:: Provided data ::
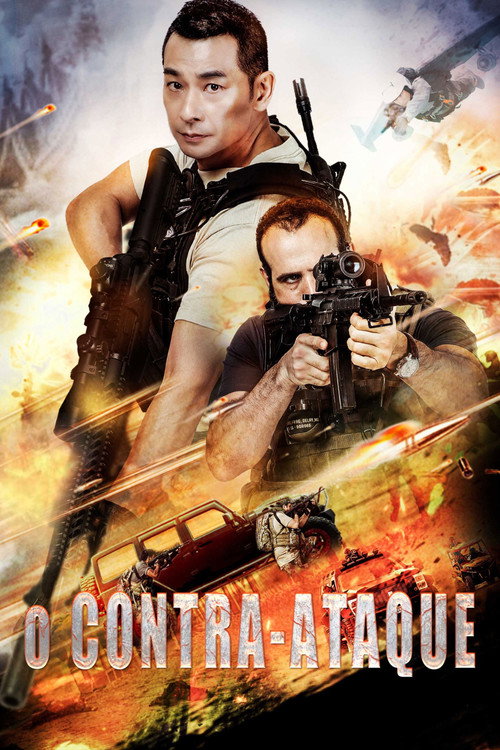Assistir O Contra-Ataque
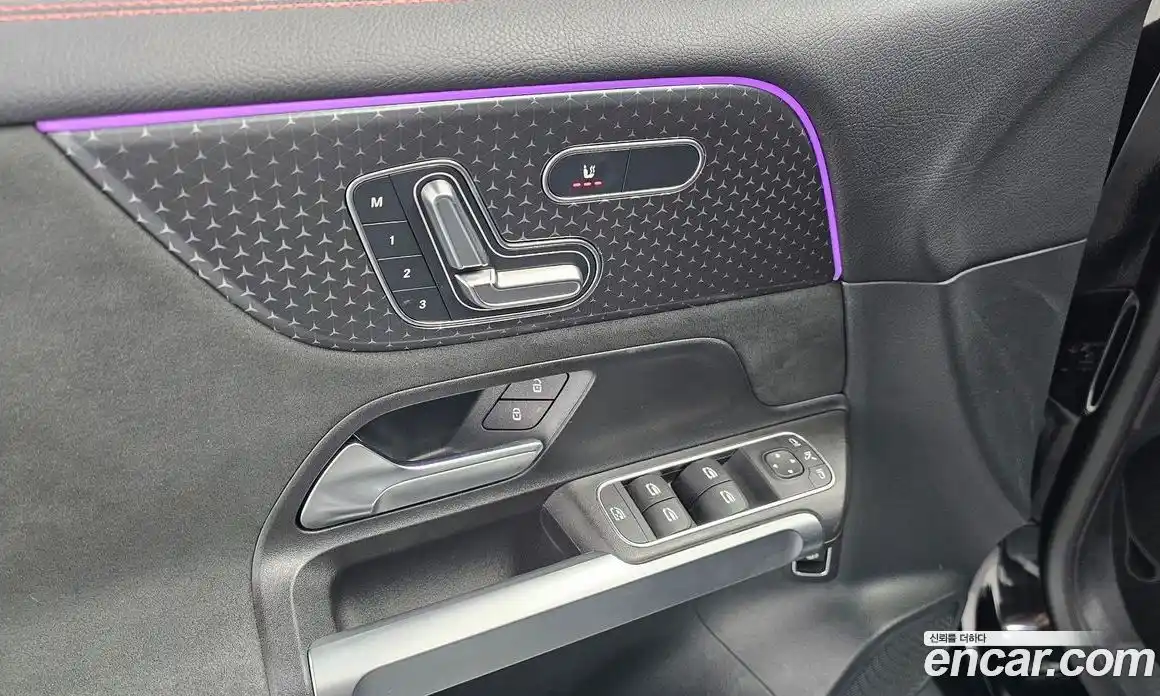 Mercedes-Benz GLB-Class 2024 2.0 Автомат в Москве № 175889, фото 8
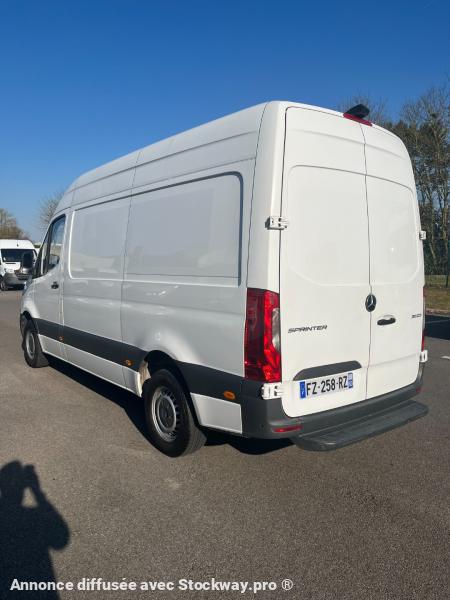 Photo Mercedes Sprinter 315 CDI 37S image 5/14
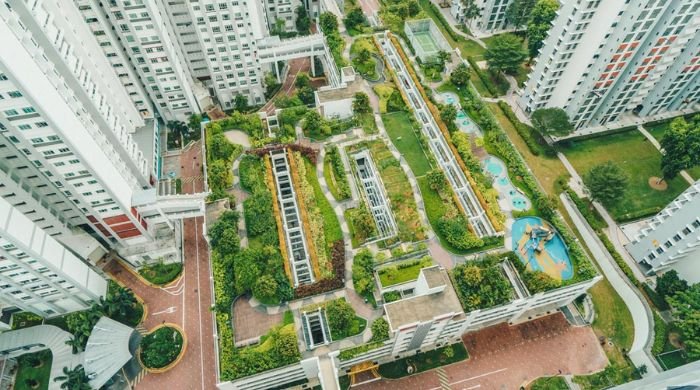 Sky Garden @ Kallang Trivista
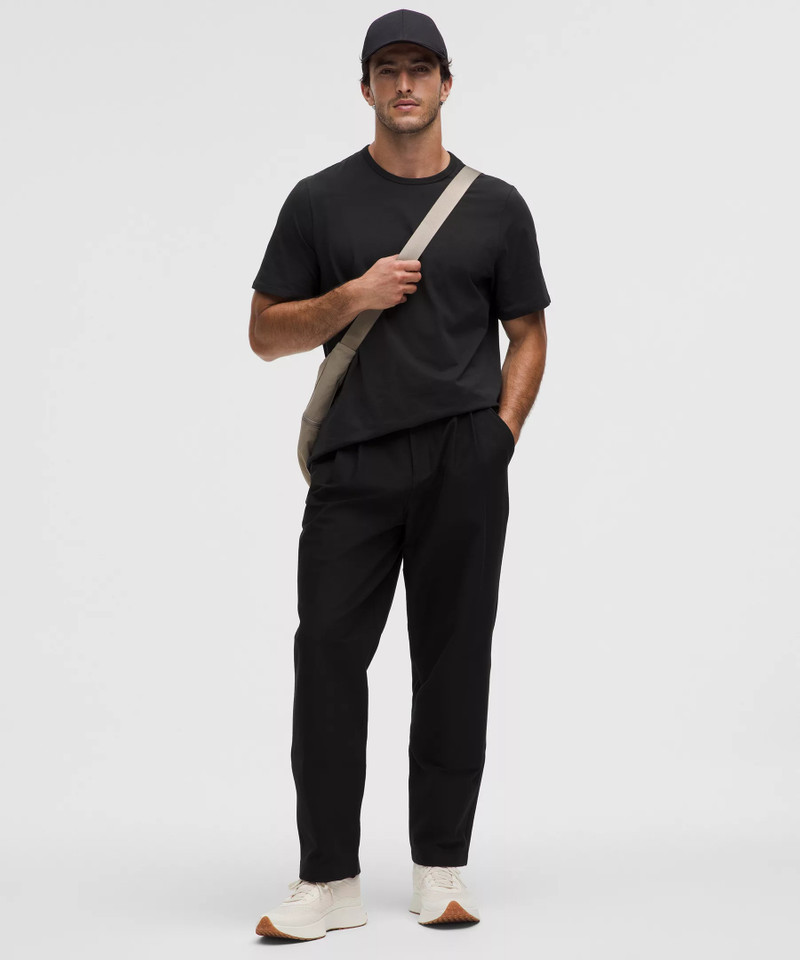 lululemon Organic Cotton Classic-Fit T-Shirt *3 Pack outlook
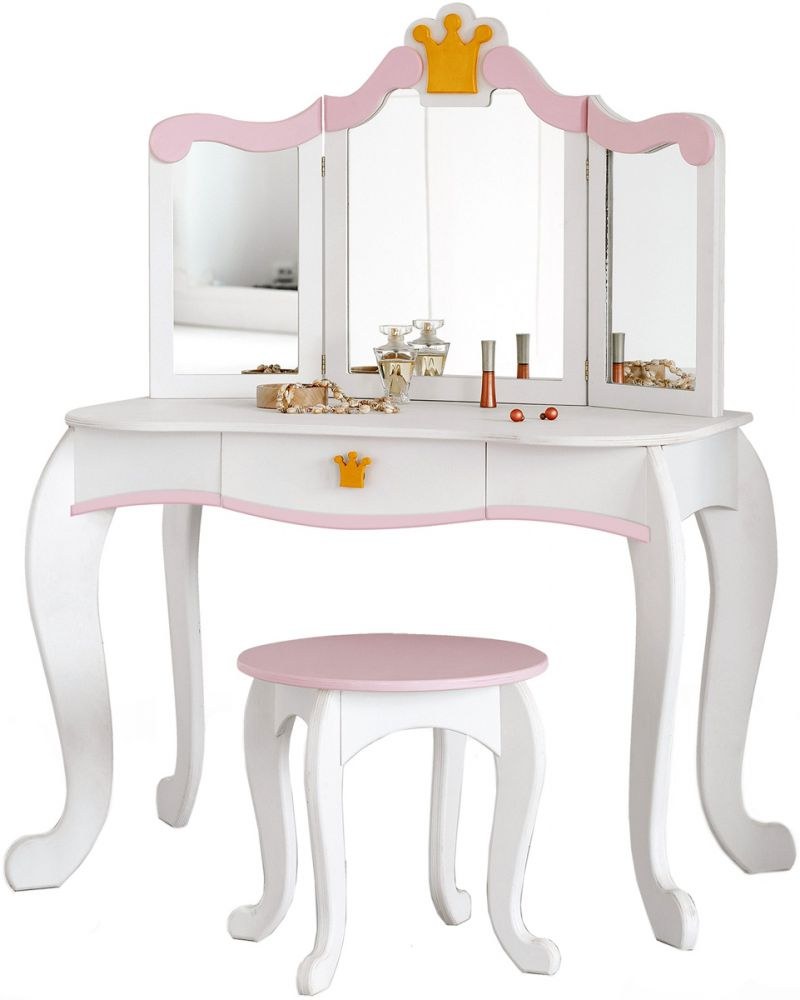 Туалетный столик для девочек Sunnywoods принцесса Ангелина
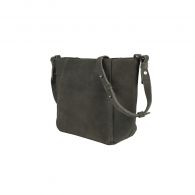 Bull Hunt Cassie-Suede Green 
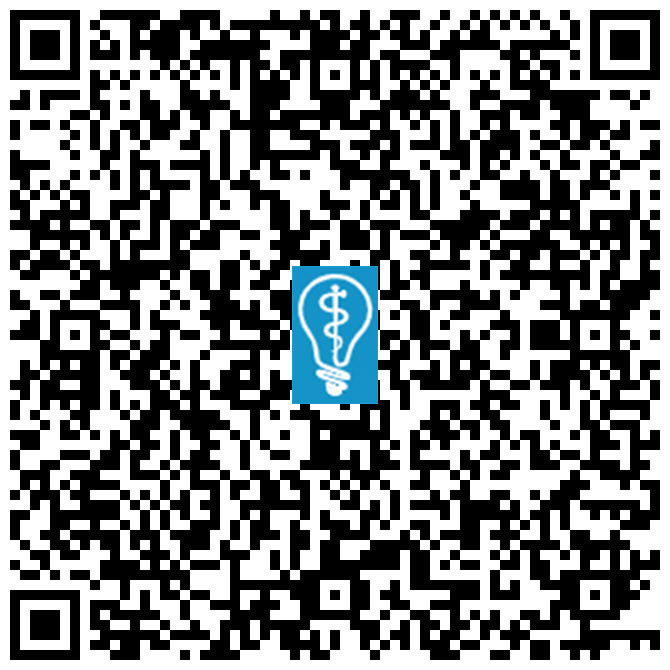 QR code image for Teeth Whitening at Dentist in Clifton, VA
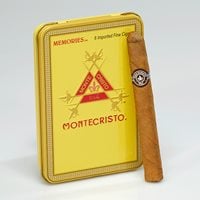Montecristo Tins Cigars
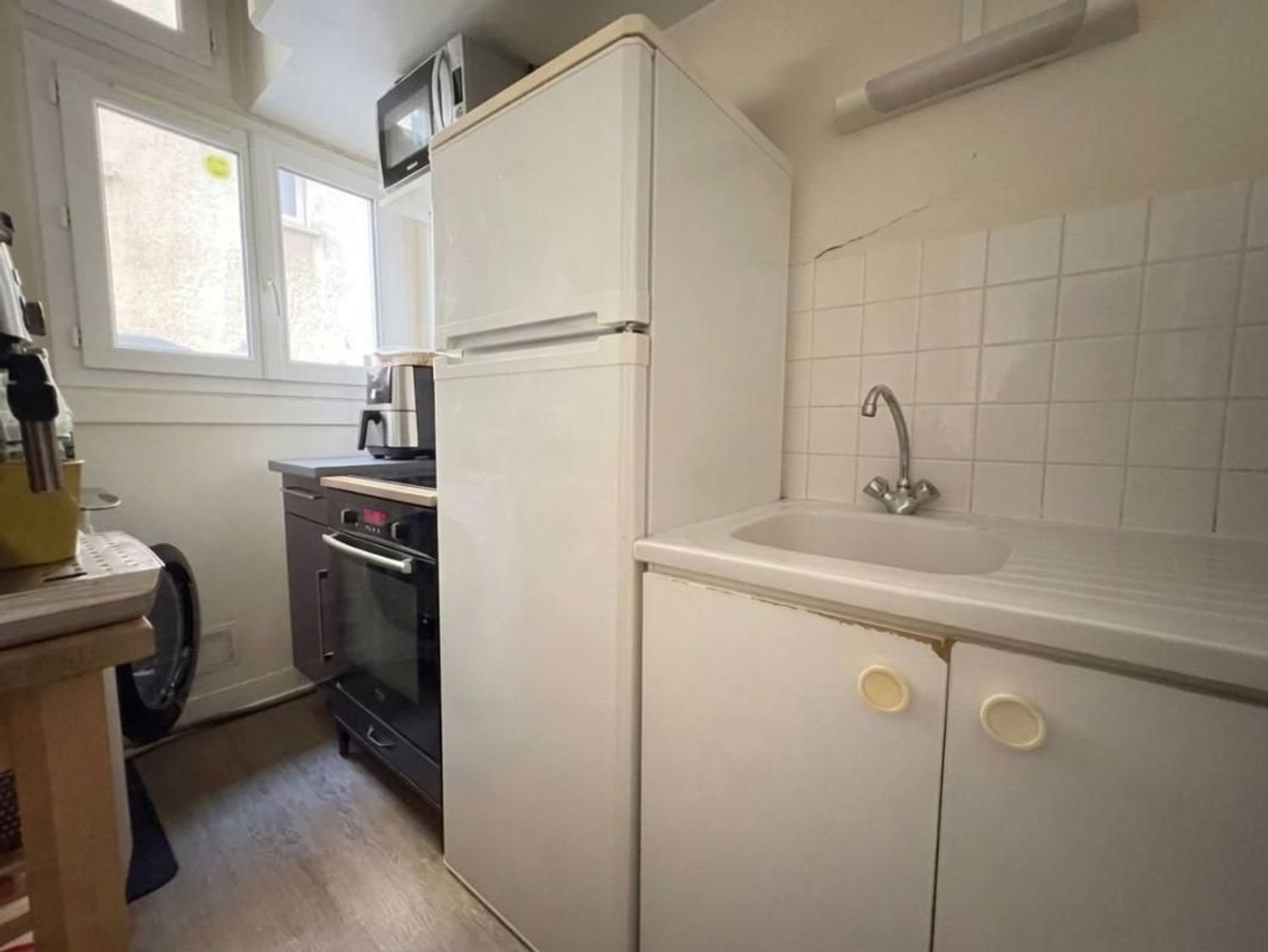Appartement à vendre, 37m², Vanves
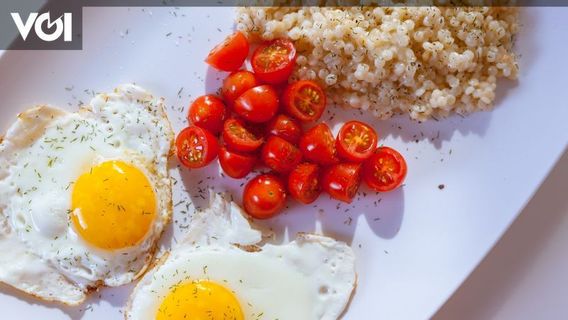 Menilik Keamanan Putih Telur untuk Penderita Diabetes, Begini Arahan Ahli Gizi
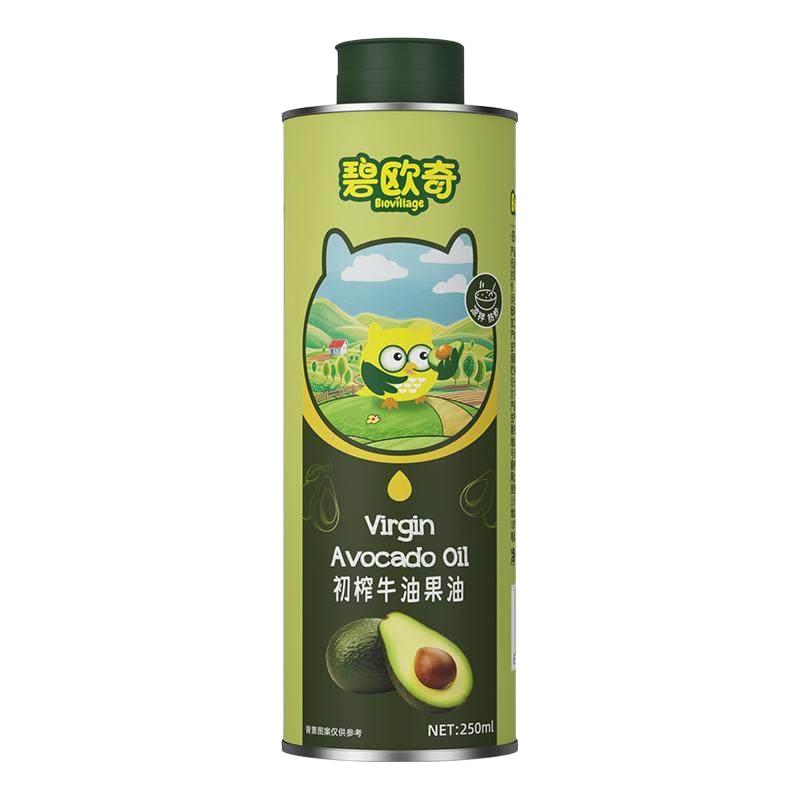  BioJunior/碧欧奇 初榨 儿童食用油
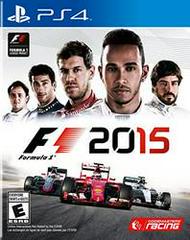 F1 2015 - Playstation 4 | Anubis Games and Hobby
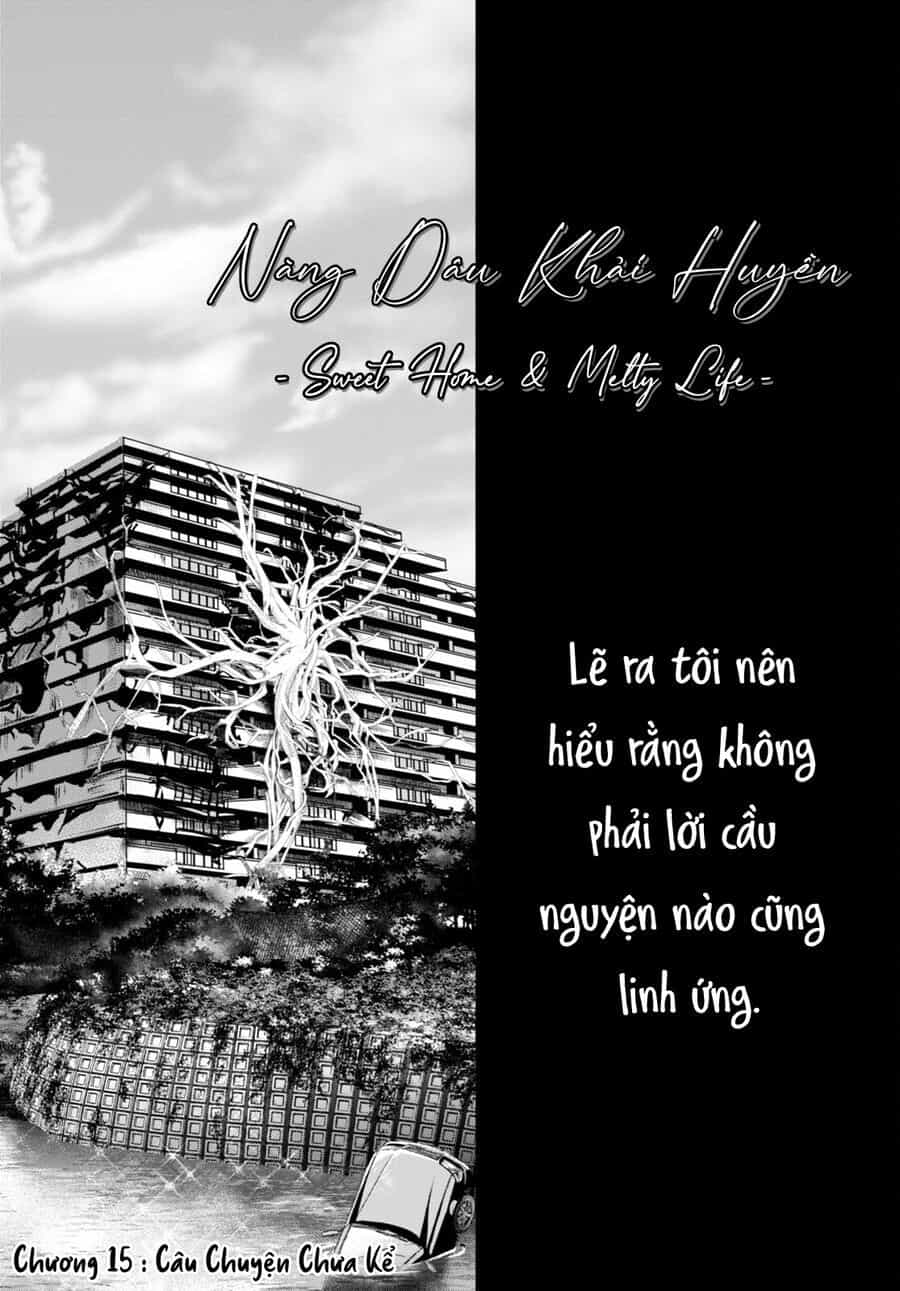 Shuumatsu No Hanayome-Sama ~Sweet Home†Melty Life~ - Chương 15 - ảnh 2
:::
Give back the full listing word for word, with the pictures left out.

[Answer to the problem]
Assistir O Contra-Ataque
 Mercedes-Benz GLB-Class 2024 2.0 Автомат в Москве № 175889, фото 8
 Photo Mercedes Sprinter 315 CDI 37S image 5/14
 Sky Garden @ Kallang Trivista
 lululemon Organic Cotton Classic-Fit T-Shirt *3 Pack outlook
 Туалетный столик для девочек Sunnywoods принцесса Ангелина
 Bull Hunt Cassie-Suede Green 
 QR code image for Teeth Whitening at Dentist in Clifton, VA
Montecristo Tins Cigars
Appartement à vendre, 37m², Vanves
 Menilik Keamanan Putih Telur untuk Penderita Diabetes, Begini Arahan Ahli Gizi
  BioJunior/碧欧奇 初榨 儿童食用油
 F1 2015 - Playstation 4 | Anubis Games and Hobby
 Shuumatsu No Hanayome-Sama ~Sweet Home†Melty Life~ - Chương 15 - ảnh 2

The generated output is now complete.